In the middle Green River Formation of central Nine Mile Canyon, Uinta Basin, Utah, several lacustrine-dominated intervals ∼10 m thick comprise aggradational carbonate parasequence sets and a progradational clastic parasequence. Maximum flooding surfaces are best identified within profundal oil shale that caps some of the clastic parasequences. These lacustrine transgressive systems tracts therefore exhibit parasequence stacking patterns unlike typical marine sequences. Two types of sequence boundary are identified. Type A sequence boundaries display evidence for a basinward shift in facies across a regionally mappable surface that is an angular or, rarely, parallel unconformity, and they typically juxtapose amalgamated braided fluvial channel sandstone (late lowstand systems tract) onto the profundal oil shale. They also bound depositional sequences that show a distinct asymmetry, being dominated by transgressive systems tracts 5-80 m thick. Highstand systems tracts are less than 4 m thick and may be removed completely, by erosion on overlying sequence boundaries. Other surfaces satisfy only some of the standard criteria of sequence boundaries and are termed type B sequence boundaries.

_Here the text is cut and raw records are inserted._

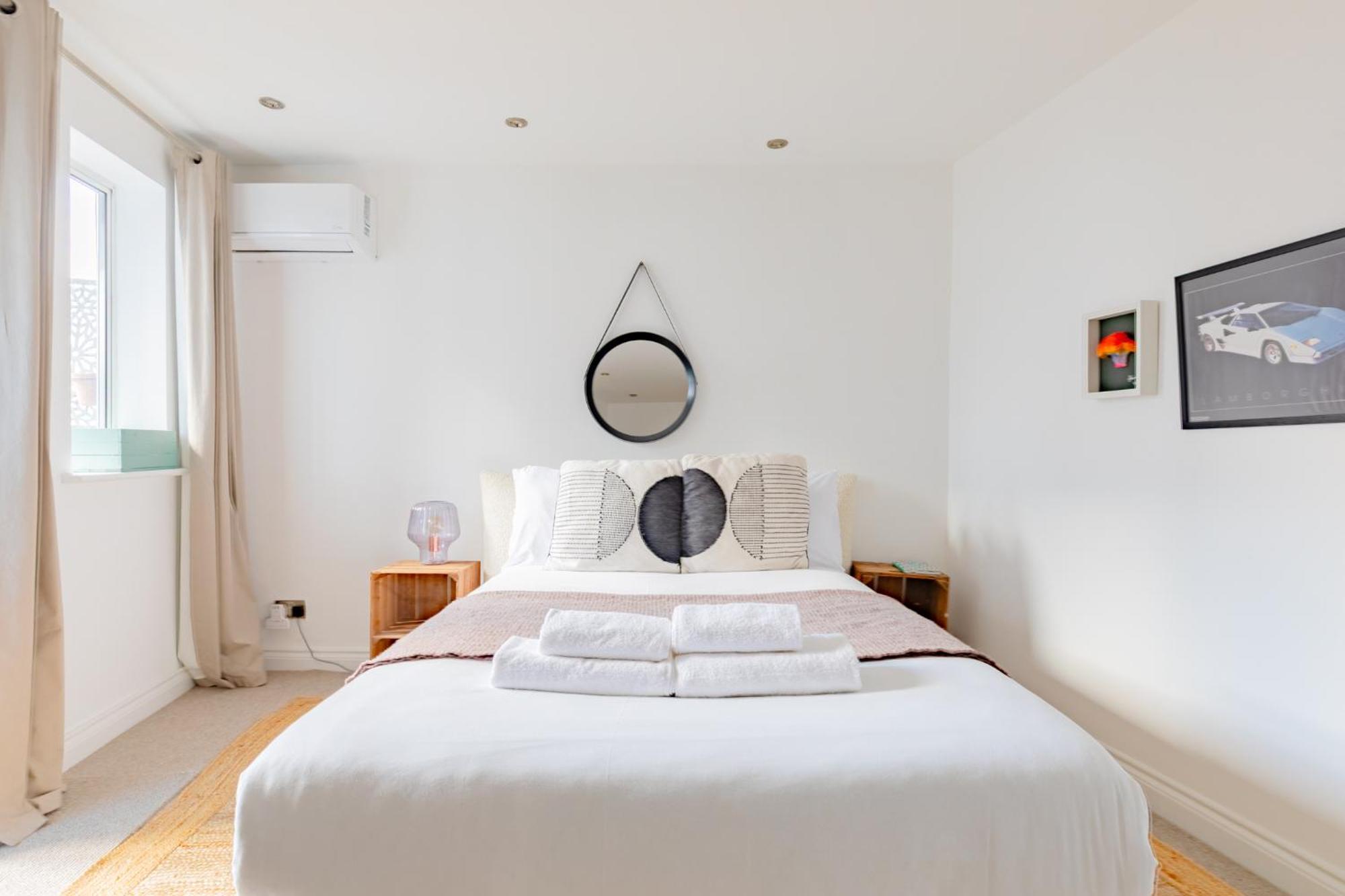 Contemporary 2bd Flat With Balcony Shoreditch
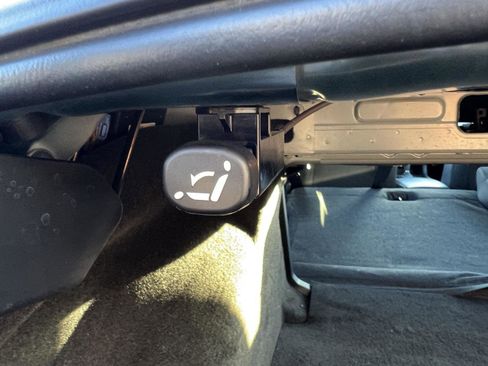 Used 2023 MAZDA MAZDA3 s image 41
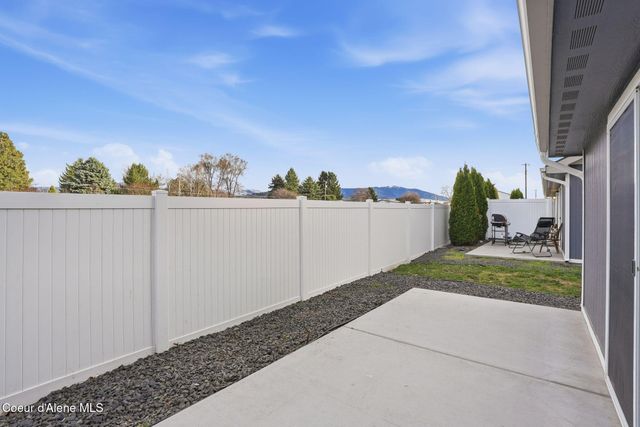 1428 N Michigan Ln, Greenacres, WA 99016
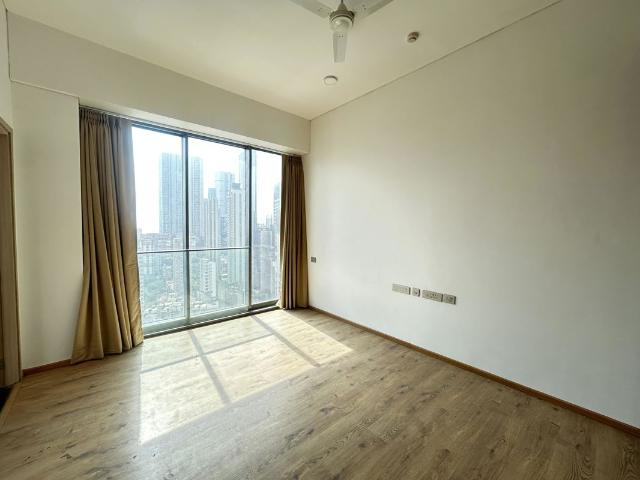 Resale | 3 BHK + Prayer Room,Servant Room,Store Room 1420 Sq.Ft. Apartment in Rustomjee Crown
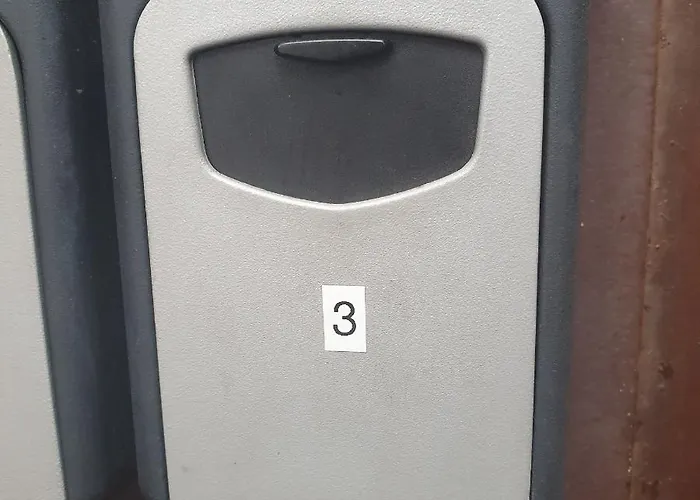 Hot Ernestines 7-3 Enjoy The Feel Of And History! Apartmán Riga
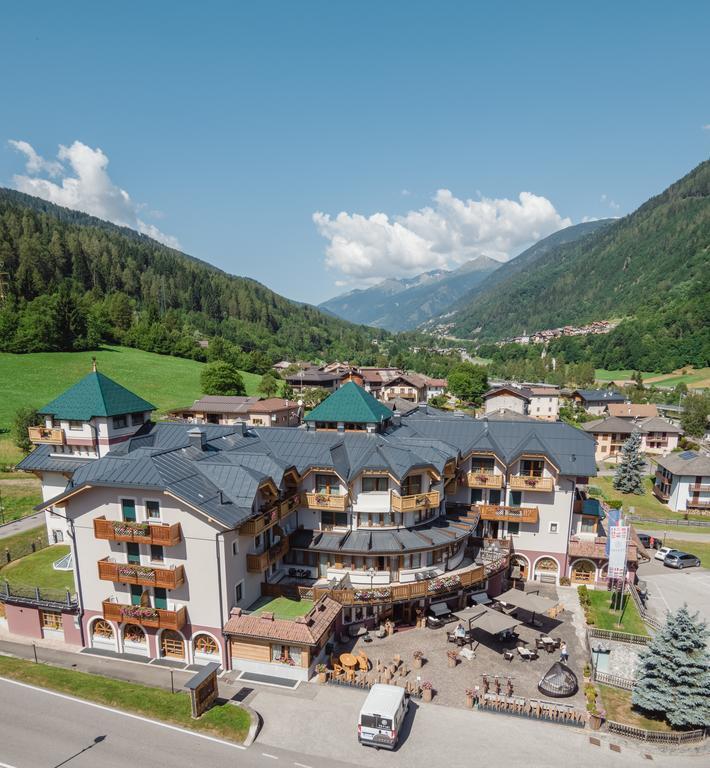 Tevini Dolomites Charming Hotel Commezzadura Exterior photo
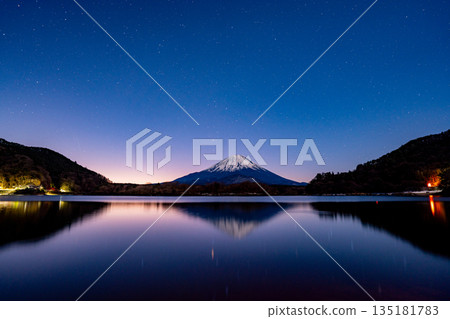 (Yamanashi Prefecture) Mount Fuji seen from Lake Shoji under a starry sky 135181783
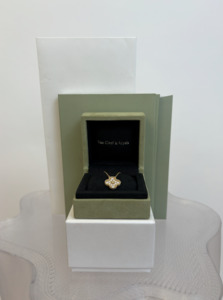 3000 5000: Van Cleef & Arpels Vintage Alhambra Pendant Necklace in 18K Yellow Gold and Diamond - Full Set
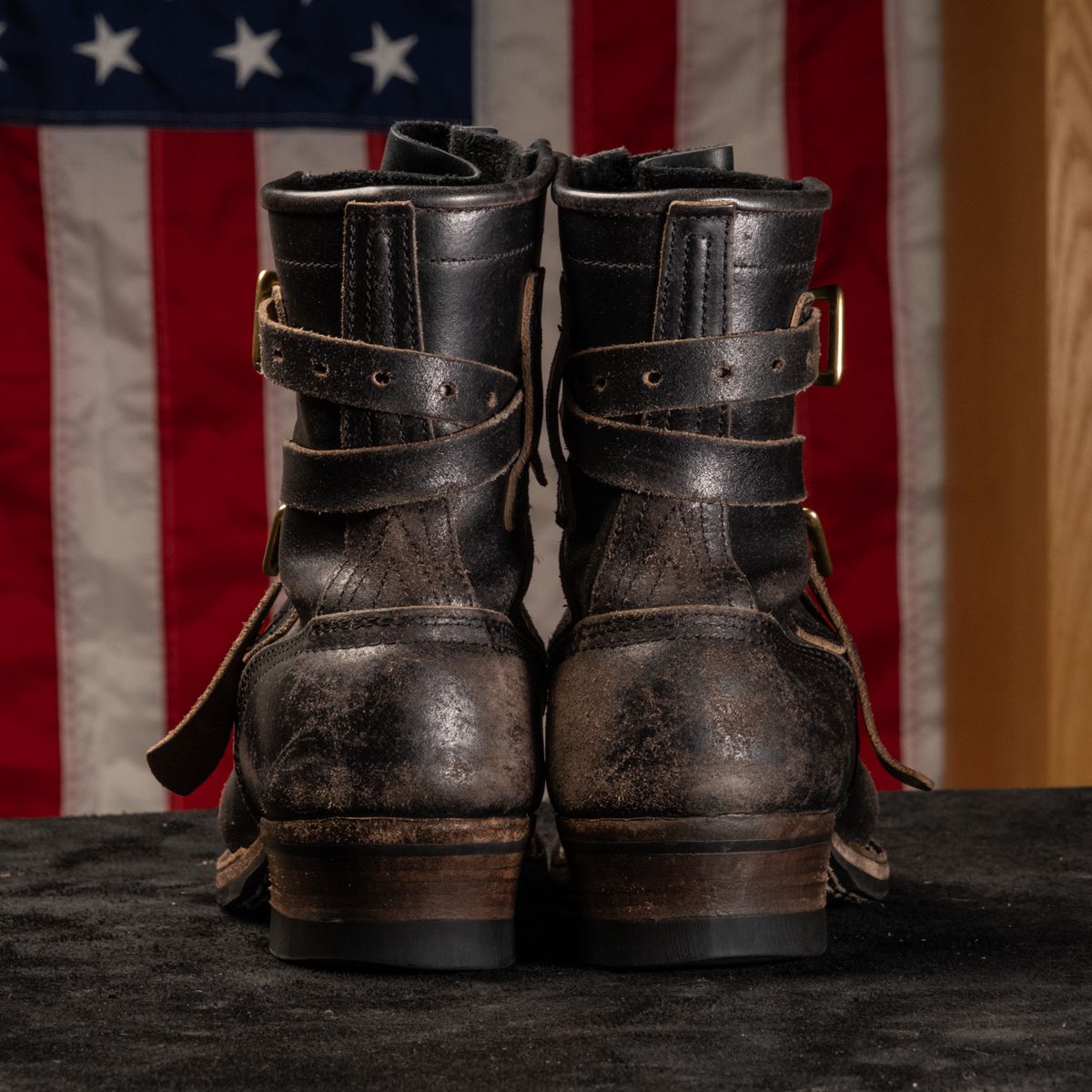 Photo by camwerten on February 5, 2024 of the Nicks Heritage TankerPro in Horween Black Waxed Flesh.
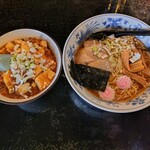 チャイニーズキッチン 高雄飯店 - 料理写真:ランチメニューのサービスメニューの1.半マーボー丼とラーメン￥950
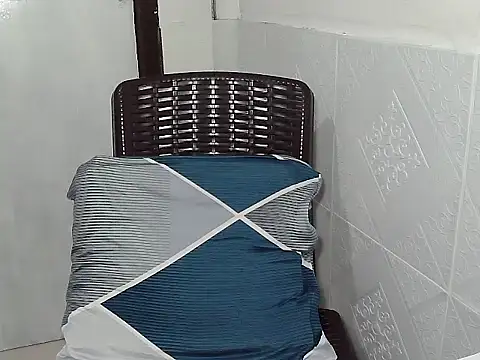 kiannie01 - Kiannie01's free webcam - UK Sex Cams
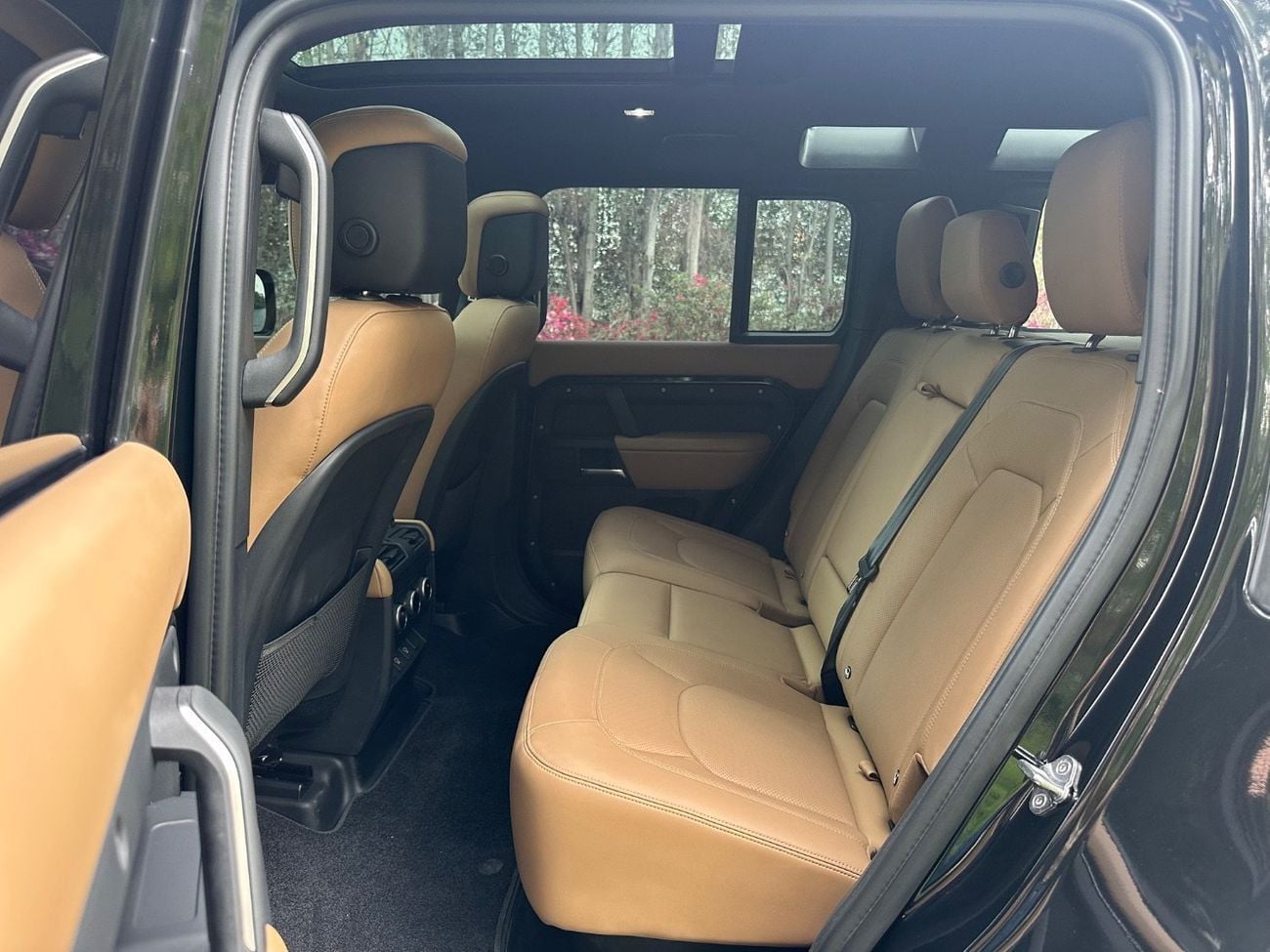 Land Rover Defender P400 110 X-Dynamic HSE 3.0L (5 Seater) | 2025 | GCC Specs | V6 400 HP | Perfect Condition | Full Ser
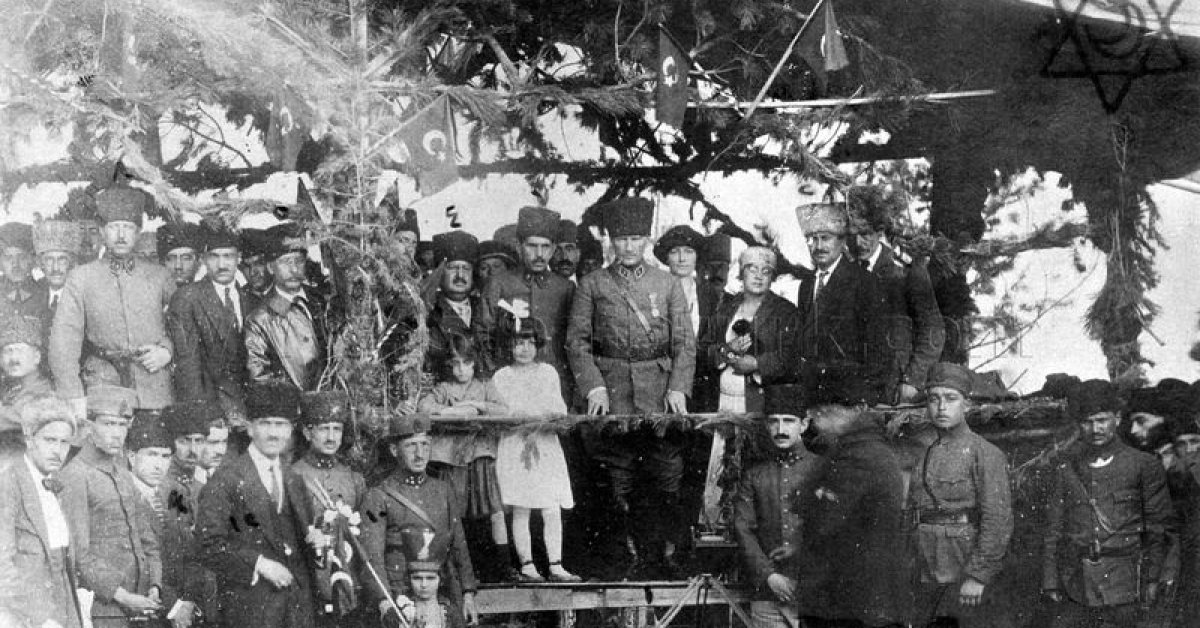 Atatürk’ün ‘soyağacı’ ve az bilinen fotoğrafları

Type A sequence boundaries mark pronounced base-level falls following times when the Uinta Lake had merged with a lake in an adjacent basin to form a much deeper lake. Such merging permitted the establishment of a new threshold at higher elevation following lake-level balancing. Type B sequence boundaries are interpreted as marking base-level falls from a barely merged lake or a lake that had an outflow. Over a 200 m stratigraphic thickness, type A sequence boundaries are more common upsection, indicating that, with time, a pluvial climate became more pronounced or that the adjacent lake was more easily filled. Type A sequence boundaries also become angular rather than parallel unconformities upsection, suggesting increased tilting of the basin margin over time.